Another factor is the impact of global climate change. A former Pakistani environmental official said, “There has been a rise in the Earth’s average temperature from 15.5°C to 16.2°C [59.9°F to 61.2°F] over the last 100 years due to which we are experiencing such extreme weather conditions both in summers and winters.” (Express Tribune, June 21, 2015) Although this heat wave or other particular weather events can’t be directly attributed to climate change, scientists are analyzing that global warming and other climate changes are leading to more extreme storms, droughts, floods, etc. And while this affects the whole planet, it hits most devastatingly on the oppressed countries and people of the world. (See “The Human Costs of Climate Change.”)

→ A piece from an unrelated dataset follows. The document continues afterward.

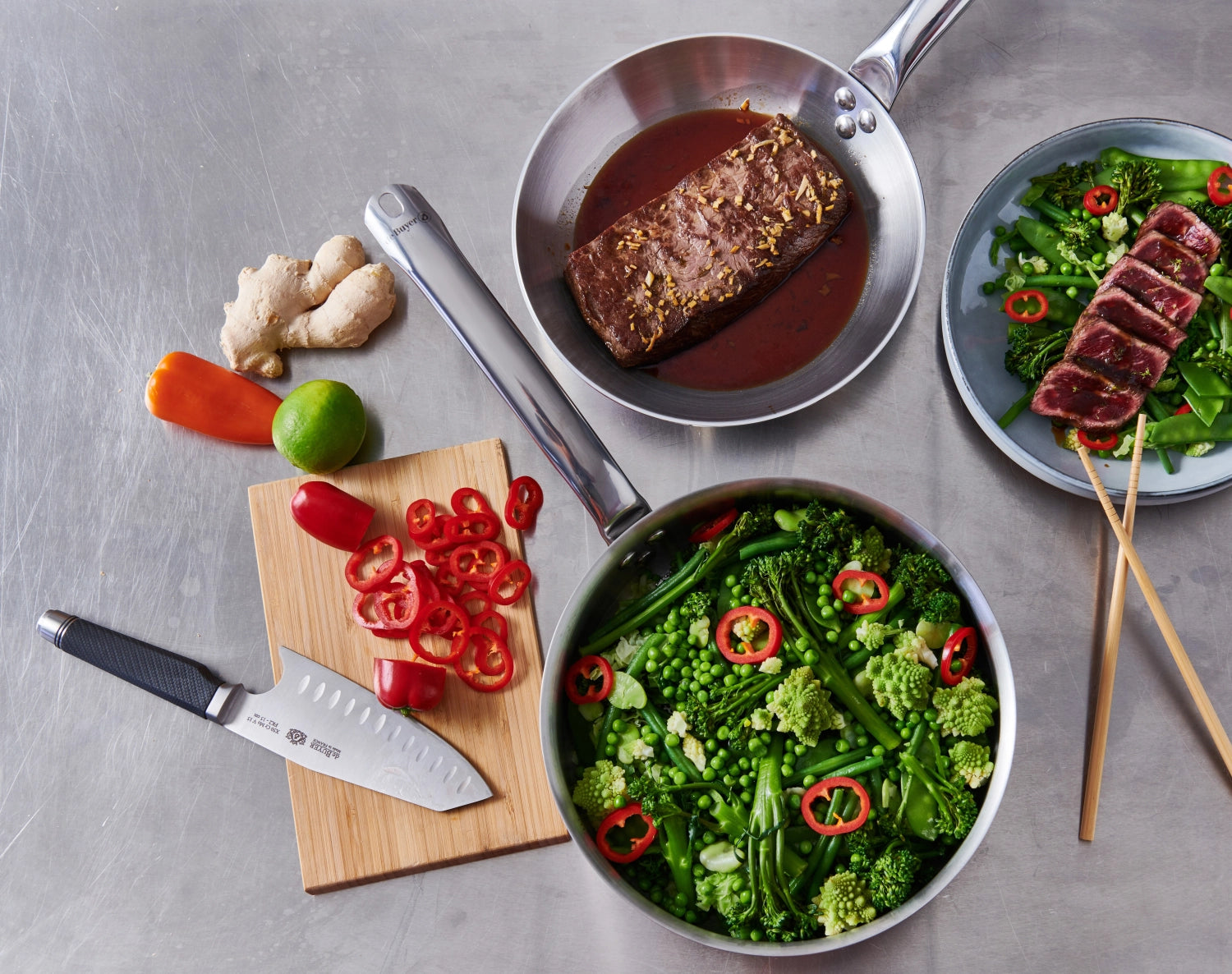 Erleben Sie die GERADE SAUTEUSE ALCHIMY 28 CM von de Buyer – perfekt für gleichmäßiges Braten und Anbraten. Hochwertige Verarbeitung für beste Ergebnisse!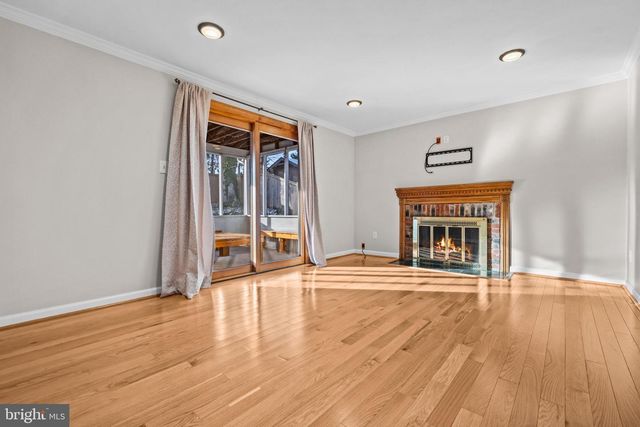 7819 FREEHOLLOW DR #7819, Falls Church, VA 22042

Extreme lopsidedness in the world between capitalist-imperialist countries and the poor and oppressed countries and people... the enforced ignorance of religious fundamentalism... global climate change... these are all huge questions facing people in Pakistan and around the world.
Different forces put forward different ideas and programs about how to deal with these huge and urgent problems. All these programs need to be evaluated on how deeply and scientifically they deal with actual reality—and whether they offer real solutions. The basic truth is that all of these big questions can be addressed through actual revolution—through the overthrow of capitalist-imperialist rule and domination that aims and digs away at the deep roots of the horrors confronting the world, with its sights set on emancipation of all humanity.